Insignificance is the follow-up to 1999’s Eureka, O’Rourke’s first album of straight pop tunes as a solo artist. Whereas Eureka focused on straightforward, well-orchestrated pop, his latest effort has a more organic feel. This is not to say that the tight arrangements of Eureka and Gastr del Sol have disappeared altogether; each track on Insignificance is a dense web of instruments.

But rockers like “Therefore, I Am” and the upbeat “All Downhill From Here” add a new dimension to his sound. The former is driven along by Wilco guitarist Jeff Tweedy’s muscular riffing, forming a somewhat bluesy groove that almost seems out of place behind O’Rourke’s deadpan vocals. It’s also marked by O’Rourke’s typically biting lyrics, including the gem, “I’ve traveled around the world/ I’ve seen so many things/ why am I talking to you?”

Elsewhere, O’Rourke gets even more vicious, as on the standout “Memory Lame,” in which flawless pop arrangements almost obscure the caustic words. O’Rourke snarls, “Listening to you/ reminds me of a motor’s endless drone/ and how the deaf are so damn lucky.”
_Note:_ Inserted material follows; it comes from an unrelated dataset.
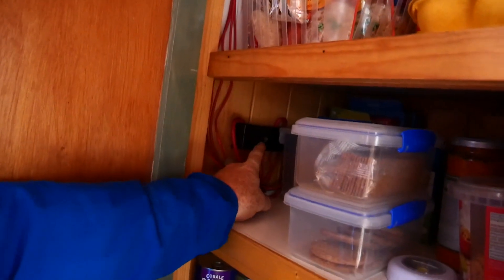This wire feeds back to the consumer unit, which is right down the other end of the boat. My idea is to put all of the electrics here so that the battery, the consumer unit, and the inverter are all in one place. Plus all the 12 volt electrics — the 12 volt fuse board is in the larder there.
Other songs show O’Rourke in more of a laidback, contemplative mood. The closing cut, “Life Goes Off,” features an airy, twangy guitar that gives the song a rambling country feel that is perfectly suited to the warm vocals.

The entire album sounds like it was laid down in a few easygoing jam sessions, but the band is remarkably tight considering their varied backgrounds (O’Rourke is backed by a who’s who of Chicago jazz and indie-rock wizards). Not one of these 40 minutes is wasted, as the album is packed with complex interplay, beautiful melodies, and of course O’Rourke’s always sharp wit. Overall, not a complaint to be made against it.

O’Rourke’s other recent project consists of three lengthy songs of highly abstract electronic music. A document of a live laptop performance, this is a unique combination of premeditation and improv.

The first track, “I’m Happy,” is the closest to traditional IDM. Consisting of cut-up synth tones, the song constantly shifts moods. After starting with a disturbing carnival melody, it segues into a more minimal section, with synths ringing like transmissions from a breaking radio tower.

“I’m Singing” is the best track here, using a moody bassline to create a dark, claustrophobic atmosphere. This piece is representative of the entire album in that it’s all about texture, evoking feelings from the simplest of noises. Finally, the 20-minute closer “And a 1,2,3,4” takes the album in a more ambient direction.

Together, these two albums provide a glimpse of Jim O’Rourke from two of his more prominent sides: the gloating but brilliant pop tunesmith, and the brooding experimental musician. Both sides of his bizarre personality are compelling, and more importantly, both sides are capable of turning out amazing music.